If I initially introduce random variables with upper case letters, does it make sense to use the notation $\mathbb{E}\left[ p(x \mid z ) \right]$?

Question

Suppose that you initially use upper case letters to denote r.v.s. For example, you could say

Consider the r.v.s $X_1, \dots, X_n$ and $Z_1, \dots, Z_m$ where the $Z_i$s give rise to $X_j$s

Would it make sense to use then $$\mathbb{E}\left[ p(x_1, \dots, x_n \mid z_1, \dots, z_m ) \right]$$? In other words, would these notations be consistent with each other? And why?

Or should I say instead

Consider the r.v.s $x_1, \dots, x_n$ and $z_1, \dots, z_m$ where the $z_i$s give rise to $x_j$s

that is, with lower case letters? And why?

Or maybe I should use the notation

$$\mathbb{E}\left[ p(X_1, \dots, X_n \mid Z_1, \dots, Z_m ) \right]$$

if I say

Consider the r.v.s $X_1, \dots, X_n$ and $Z_1, \dots, Z_m$ where the $Z_i$s give rise to $X_j$s

???

NOTE: I assume that the expected value operator only gets r.v.s as input. ALSO, my goal is to have consistent notation, i.e. if I use upper case letters to denote r.v.s in one place, I want ALWAYS to use upper case letters to denote r.v.s

score 1 · Answer 1 · answered Jul 27 '20 at 18:35

1

Mathematical writing is case (and font) sensitive.
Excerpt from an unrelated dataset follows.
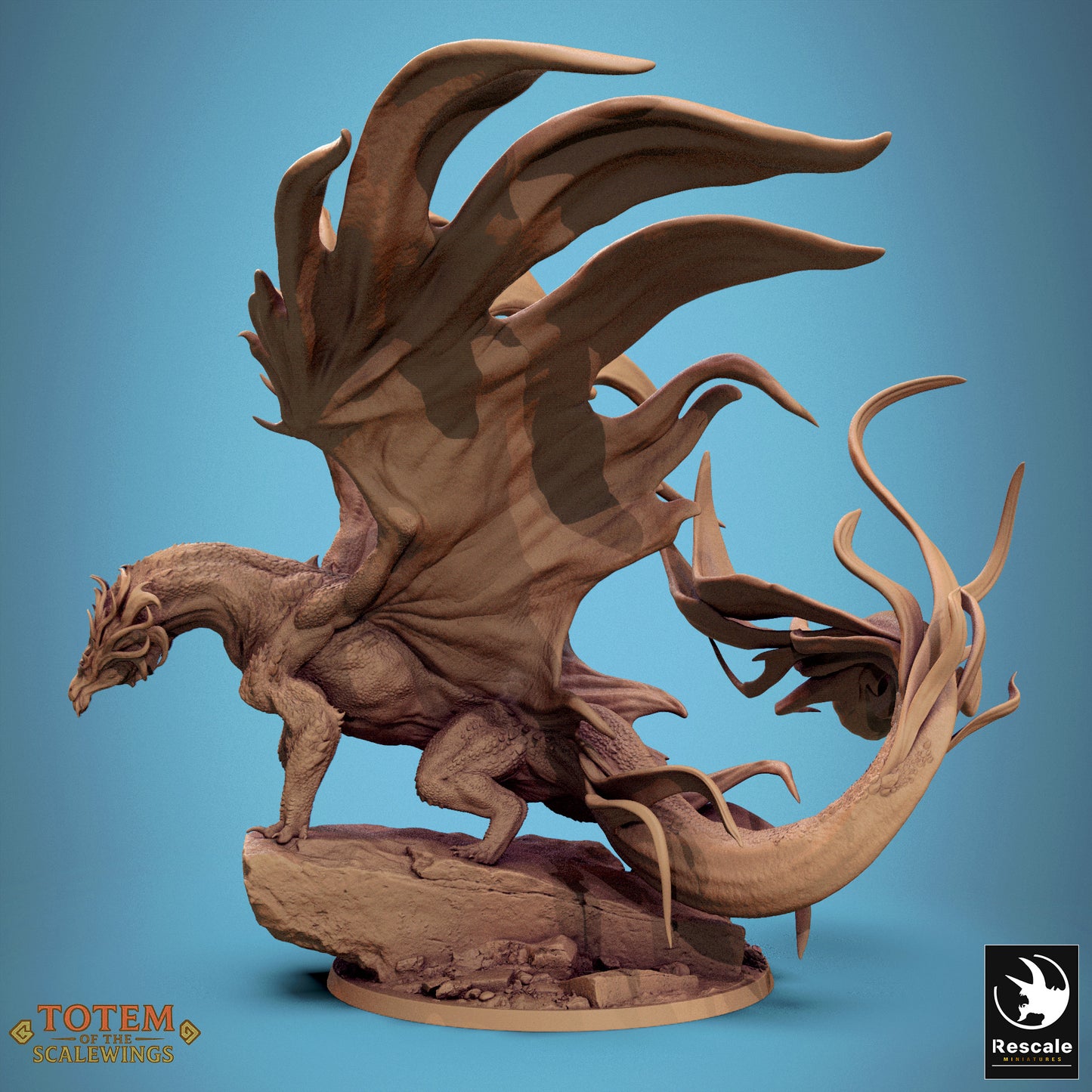 Brass Dragon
This allows one, for instance, to have a collection of sets, $\mathcal{A}$, an element $A$ of $\mathcal{A}$ and an element $a$ of $A$. The three objects $a, A, \mathcal{A}$ are different. We use the same letter to remind ourselves that there is a relationship between them. So we might say $a \in A, b \in B$ but saying $a \in B, b \in A$ is weird.

In probability, one often (but not always) uses upper case letters to denote random variables and lower case letters to denote real numbers (or other non-random values). If you are using this convention, then $p(x_1,\dots,x_n|z_1,\dots,z_m)$ is a constant and hence $$\mathbb{E}[p(x_1,\dots,x_n|z_1,\dots,z_m)] = p(x_1,\dots,x_n|z_1,\dots,z_m) $$ in the same way that $\mathbb{E}[7] = 7$.
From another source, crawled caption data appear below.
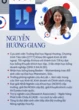 Nữ sinh trường ĐH Ngoại thương "ẵm" học bổng Tiến sĩ tại "Harvard châu Á": "Tri thức là hộ chiếu không thời hạn, khi bạn học hết mình sẽ đi đến nơi mà bạn muốn đến"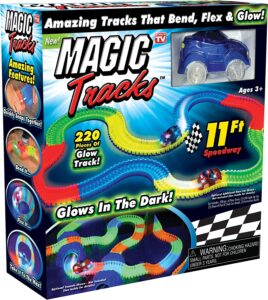 2016 Ontel Products Magic Tracks Box Set (1-Car) (1)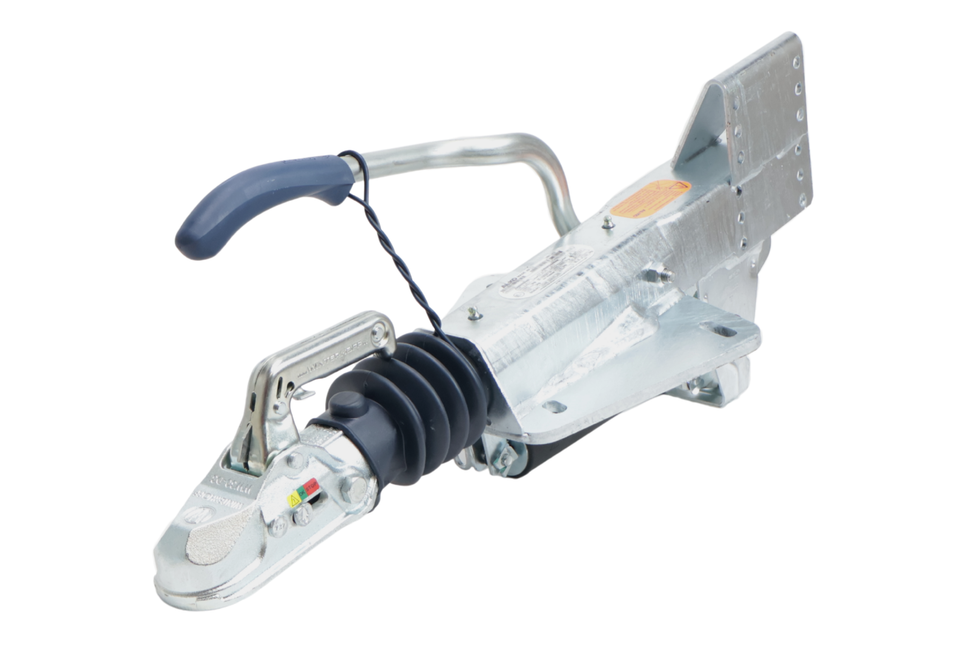 BPW BPW oplooprem aanhanger - ZAF 3.0-3 - maximaal trekvermogen: 2800 kg - incl. neuswielconsole - type hapert 48.44581201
If you had defined your random variables with upper-case letters, I would most likely assume that $x_1,\dots,x_n,z_1,\dots,z_m$ are non-random values associated to the random variables for example maybe the relationship is $\mathbb{P}(X_i = x_i) = 1/2$. But before that, I would be confused why $x_1,\dots,x_n,z_1,\dots,z_m$ haven't been defined.

Otherwise, you should define your random variable as $X$ and write $\mathbb{E} [X]$ or define it as $x$ and write $\mathbb{E}[x]$ but you should not mix upper and lower cases for the same object.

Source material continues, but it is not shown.